Applying for a mortgage as a couple could help you to get a mortgage, although it depends on a few factors like your credit histories and income.
However, you don’t actually need to be married for any of this to impact your chances. Some of the big obstacles to getting a mortgage depend on whether your finances are linked instead.
Wedlock itself won’t help
Despite what you may have thought, getting married doesn’t mean your finances are automatically tied together.
In that sense, just the act of being married doesn’t play any part at all in whether or not you’ll get a mortgage.
If you’ve been sharing your incomes in a joint bank account and paying bills together, whether or not you’ve now tied the knot won’t make a difference in the eyes of a lender.
The thing that will make a difference is if your partner is financially associated to you.
They’ll only be linked to you if you’ve had a joint bank account together or if you’ve taken out joint credit before – like a loan in both of your names.
Being linked means your name appears on their credit history and theirs on yours.
When you apply for a mortgage, the lender will take both of your credit histories into account if you’re financially linked – even if you try to take it out in just one of your names.
So this could either help or hinder your chances of getting a mortgage.
If you’re not sure whether your accounts are linked, you can check ClearScore or Noddle for free to find out. You’ll be able to see anyone you’re linked to under the section titled ‘financial associations’.
How your credit history plays a part
If you’re taking out the mortgage in both of your names, or if your finances are already linked, both of your credit histories will play a part in your application.
So if you both have a good history of managing credit, you shouldn’t have to worry about it holding you back from getting a mortgage.
On the other hand, if just one of you has a poor credit history, it might prevent you both from getting a mortgage. Even if it doesn’t, it may mean you can’t borrow as much as you’d hoped, or that the interest rate is worse than you had hoped for.
But if your partner does have a poor credit history, it might work out better for you to apply in your name only.
This will only work if your finances are not already tied, and it’s important that you think carefully before taking it out in your name alone. You’ll be the sole person responsible for repaying the debt should the worst happen and you separate, so you need to be completely happy with your decision.
The chances are, if you do this, they won’t take your partner’s income into consideration either. This means you might not be able to borrow as much as you’d hoped.
In the end, it really depends on the lender you apply to. For this reason, you might want to speak to a mortgage broker like Ocean, so they can try to find a deal that’s suited to your situation.
Having a larger income
If you both work, the chances are you’ll have a higher income than if you were trying to buy a home on your own.

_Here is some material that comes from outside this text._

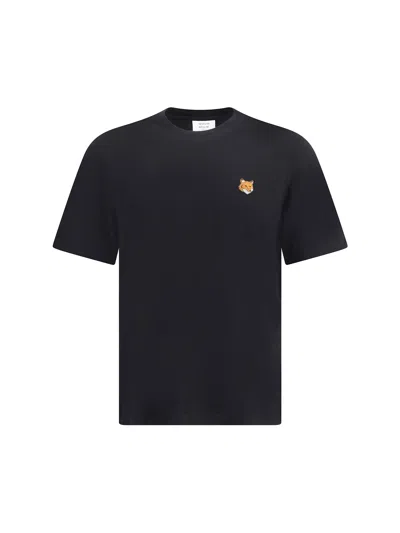 Maison Kitsuné Maison Kitsune Fox Head T Shirt In Black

Having more money coming in means it’s more likely you’ve got room in your budget to make mortgage payments.
When a lender carries out affordability checks, they’ll want to see proof that you can afford to make payments on a mortgage. How much money you’ve got coming in and how much you’re spending will influence their decision, and how much they’ll lend to you.
And of course, having two wages coming in means it might not take as long for you to save up for your deposit – or that you could save up a larger deposit!